Testamentskopien haben Beweiswert im Erbscheinsverfahren
Natürlich ist das Bedürfnis nachvollziehbar, ein Duplikat der Urkunde zurückzubehalten, wenn schon das Original in den Archiven eines Amtsgerichts auf nimmer Wiedersehen oder zumindest bis zum Eintritt des Erbfalls verschwindet. Gleichwohl können Testamentskopien für viel Durcheinander sorgen in einem Erbscheinsverfahren. Problematisch wird es nämlich dann, wenn Streit über die Wirksamkeit des in Frage stehenden Testaments besteht. Auch der Kopie eines Testaments kann nämlich ein Beweiswert zukommen. Das mag dann richtig sein, wenn das das Original versehentlich abhanden gekommen und nicht mehr auffindbar ist. Führt man sich zeitgleich allerdings vor Augen, dass es nahezu unmöglich ist, dass ein amtlich hinterlegtes Testament unabsichtlich verloren geht, entzieht man der Anfertigung einer Testamentskopie argumentativ jede Grundlage. Wurde das Testament vom Erblasser absichtlich vernichtet und damit widerrufen, besteht ebenfalls kein Grund mehr dafür, eine Kopie anzufertigen. Warum auch, wenn doch eben gerade das in Frage stehende Testament gar nicht mehr gelten soll?

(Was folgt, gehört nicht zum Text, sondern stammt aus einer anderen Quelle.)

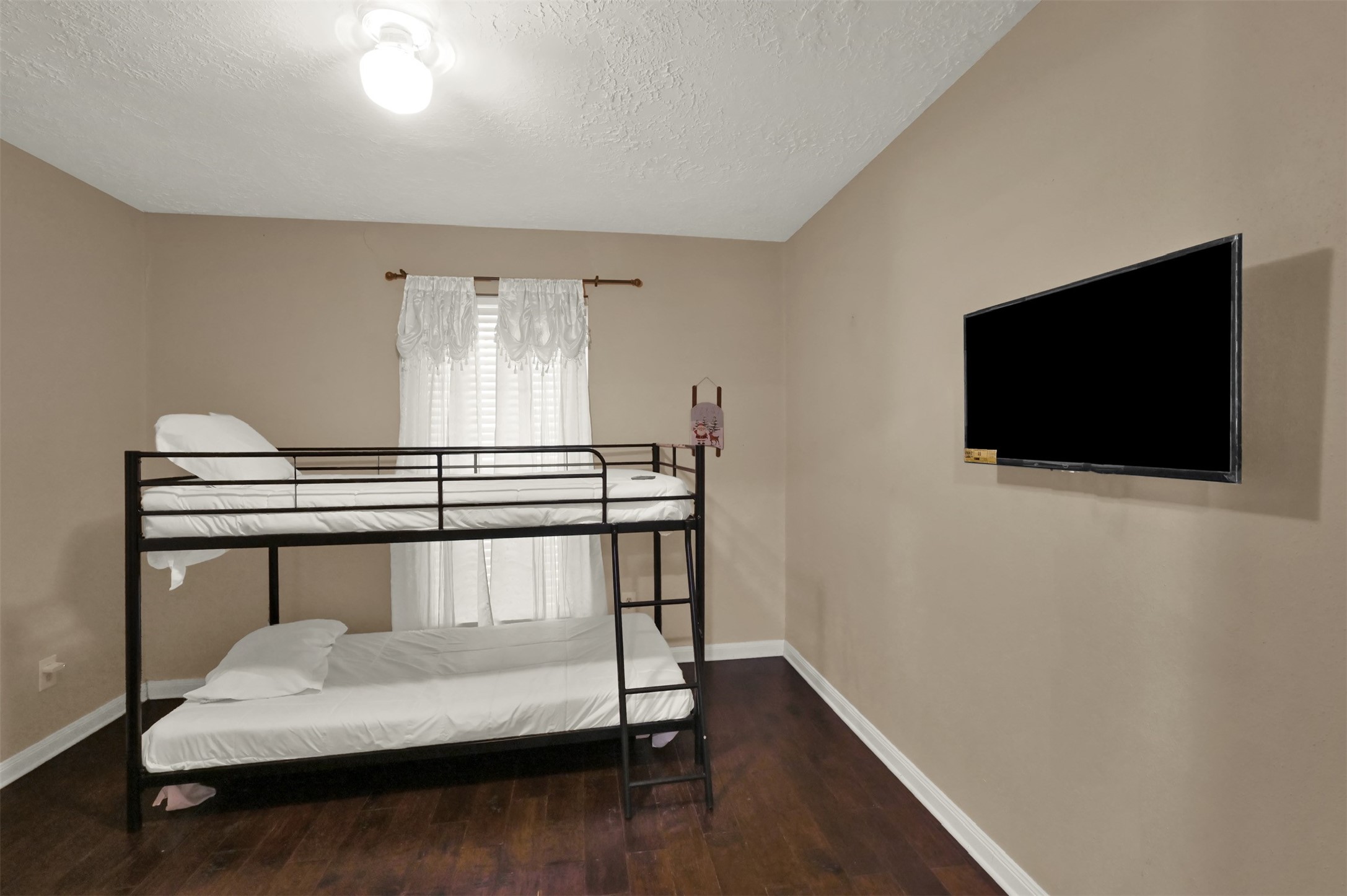 14102 Sylvia Drive Property Photo 25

Viele Gerichtsentscheidungen zum Thema Testamentskopie
In Deutschland existiert eine breit gefächerte Judikatur rund um das Thema Testamentskopie. In einer unlängst ergangenen Entscheidung des OLG Rostock vom 19.03.2021 (Az. 3 W 13/18) sah es das Gericht als erwiesen an, dass ein Ehegattentestament, auf dem die Unterschrift der verstorbenen Ehefrau mit Tipp-Ex geweißt war, dennoch gültig war. Der Ehemann, der mit dem Sohn der Verstorbenen im Streit über die Erbfolge lag, konnte im Rahmen des Erbscheinsverfahrens nämlich eine Testamentskopie vorlegen, auf der die Unterschrift der Ehefrau unter der Urkunde erkennbar war. Danach ging das Gericht davon aus, dass das Testament weiterhin gültig war. Alleinerbe wurde der Ehemann. Der Sohn ging leer aus.
Testamentswiderruf: wie macht man’s richtig?
Das Gericht diskutierte in seiner Entscheidung auch Fragen eines ordnungsgemäßen Testamentswiderrufs. In der zitierten Entscheidung war bereits fraglich, ob die Mutter selbst ihre Unterschrift geweißt hatte und ob ihr tatsächlich ein Widerrufswille zugestanden werden musste. Unabhängig von der Entscheidung des OLG Rostock dürfte es richtig sein, ein Testament für den Fall, dass man an seinem Inhalt nicht mehr festhalten will, insgesamt zu vernichten. Das funktioniert bei amtlich hinterlegten Urkunden zum Beispiel per Rücknahme aus der amtlichen Verwahrung. Eine Besonderheit gilt bei Ehegattentestamenten und Erbverträgen: diese können nur dann widerrufen werden, wenn beide Erblasser bzw. die Erbvertragsbeteiligten den Widerruf ebenfalls gutheißen. Bei Uneinigkeit muss der Widerruf in öffentlicher Form erfolgen (also notariell beurkundet sein) und dem anderen zugehen.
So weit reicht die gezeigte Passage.